Mr. Hill: No, the right hon. Gentleman will have plenty of opportunity to contribute to the debate.
Mr. John Redwood (Wokingham): What a pathetic performance from the Minister. He does not even know, Madam Speaker, that you are Madam Speaker, although I am pleased to say that you have been in that post for a long time. He does not know whether he is the Minister for London, or whether the Minister for Housing and Planning still has that job. We know that there is a back-seat driver, and there may even be a front-seat driver sitting next to this junior Minister.
The Government need more guillotines than the French revolution, and for rather less consequence, but this Bill should not be guillotined tonight, because the Government are rewriting it as they go along. I have never seen such a mighty list of amendments tabled so late to a Bill. More
than 800 Government amendments have been tabled, reflecting the acceptance by the Minister in the other place that the Bill is a mess and a farce, and the acceptance by the draftsmen that the job that these Ministers have done is so bad that great chunks of the Bill had to be rewritten after it had been through its Committee stages in both Houses of Parliament. Any decent, self-respecting Government would start again. They would come here to apologise and say that they have made a mighty mess. They would start again with a new Committee stage and a new Bill that had been properly amended and properly thought through, so that we could scrutinise it and do our job.
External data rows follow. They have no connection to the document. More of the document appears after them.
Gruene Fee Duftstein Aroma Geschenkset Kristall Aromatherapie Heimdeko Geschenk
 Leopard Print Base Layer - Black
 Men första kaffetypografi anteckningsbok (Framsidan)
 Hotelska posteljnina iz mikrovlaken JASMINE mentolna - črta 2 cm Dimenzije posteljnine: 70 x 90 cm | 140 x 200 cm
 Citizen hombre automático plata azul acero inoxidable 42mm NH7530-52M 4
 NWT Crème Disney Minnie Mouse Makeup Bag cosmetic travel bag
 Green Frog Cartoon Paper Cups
The Minister may say that we do not need to debate this motion, but he does not like democracy. I have got news for him: people outside the House value their democracy and they think that such major constitutional measures should be properly drafted and properly discussed. They will share my sense of outrage and insult that the Bill is being treated in this way and that the House of Commons has been sidelined and scoffed at by the Minister, who should know much better.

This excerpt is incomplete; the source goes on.